A new study from the University of Michigan Transportation Research Institute says General Motors vehicles fitted with advanced driver assistance systems are seeing lower crash and injury rates in the messy, distracted, coffee-in-one-hand world where cars are used. Not test tracks or glossy launch videos, it is real roads, police reports, and ordinary drivers doing ordinary driver things.
The study looked at about 12 million GM vehicles from model years 2020 to 2024, then matched them against more than 700,000 police-reported crashes across 18 American states. That is a decent sample, even allowing for all the usual academic caveats and the strange things humans do when presented with a steering wheel and misplaced confidence.
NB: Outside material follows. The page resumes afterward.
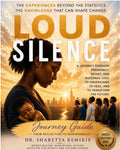 Loud Silence Journey Guide: From Reflection to Responsibility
ABOVE: GM safety technology demonstration, and GM safety technology crash reduction infographic
GM safety tech gets a rare real-world report card
The numbers do not lie. According to reporting from the study, GM vehicles with selected safety systems saw backing crashes fall by as much as 86%. Rear-end crashes involving injuries dropped by 57%, while front pedestrian crashes with injuries were down 35%.
Lane assistance systems were associated with a 15% reduction in road-departure crashes, and lane-change crashes fell by 13%. None of that means the car can babysit a distracted driver while he scrolls, scratches, and wonders why the lane markings have become mere suggestions. It does mean the boring little bongs and flashes can sometimes stop expensive metal origami.
GM says several of these systems are standard on some American models under US$30,000 MSRP, including the Buick Encore GX, Buick Envista, Chevrolet Trax, Chevrolet Trailblazer, and Chevrolet Bolt. The list includes Automatic Emergency Braking, Front Pedestrian Braking, Lane Keep Assist with Lane Departure Warning, Forward Collision Alert, and IntelliBeam.
In plain English, the car watches ahead, watches the lane, watches pedestrians, and occasionally steps in before the driver converts a mild lapse into paperwork.
Not a substitute for paying attention
Susan Owen, GM technical fellow for safety data analytics and field research, said the findings provide evidence that GM’s systems are helping drivers avoid crashes and reduce injuries in everyday driving. The study is the eighth in a long-running partnership between GM and UMTRI, which suggests this is not a one-off marketing exercise dressed up in a lab coat.
The researchers focused on crash types where the systems could reasonably matter: rear-end, roadway departure, pedestrian, lane-change, and backing crashes. They compared crashes affected by the systems with control crashes that were not, while accounting for driver behaviour, road conditions, and vehicle type.
Safety technology is a tricky thing to measure because drivers are chaotic little creatures. Give someone a warning system and some will drive better, while others behave as if the car has been promoted to parent. The sensible reading is not that GM has solved crashes, tt hasn’t. The sensible reading is that well-deployed driver assistance can reduce the odds of certain very common, very costly mistakes.
Regina Carto, GM’s vice president of Global Product Safety, Systems, and Certification, said safety is designed into vehicles from the beginning. Quite right too. It should not be the optional garnish on a car already stuffed with ambient lighting, subscription nonsense, and screens large enough to host Eurovision.
The road to fewer crashes
GM’s aim remains zero crashes, zero emissions, and zero congestion. That is ambitious enough to make a huge difference, fewer crashes mean fewer injuries.
Automatic braking, pedestrian detection, lane warnings, and better lighting are not glamorous. No one gathers at a Cars and Coffee to admire a Following Distance Indicator. Still, if these systems stop a rear-end hit, spare a pedestrian, or keep a tired driver from wandering out of a lane, they have done something rather more useful than yet another fake exhaust sound.
The best safety technology is the stuff you forget is there until the day it saves your bacon. GM and UMTRI now have a stack of data saying some of it works, which is worth far more than a showroom brochure, and considerably more reassuring.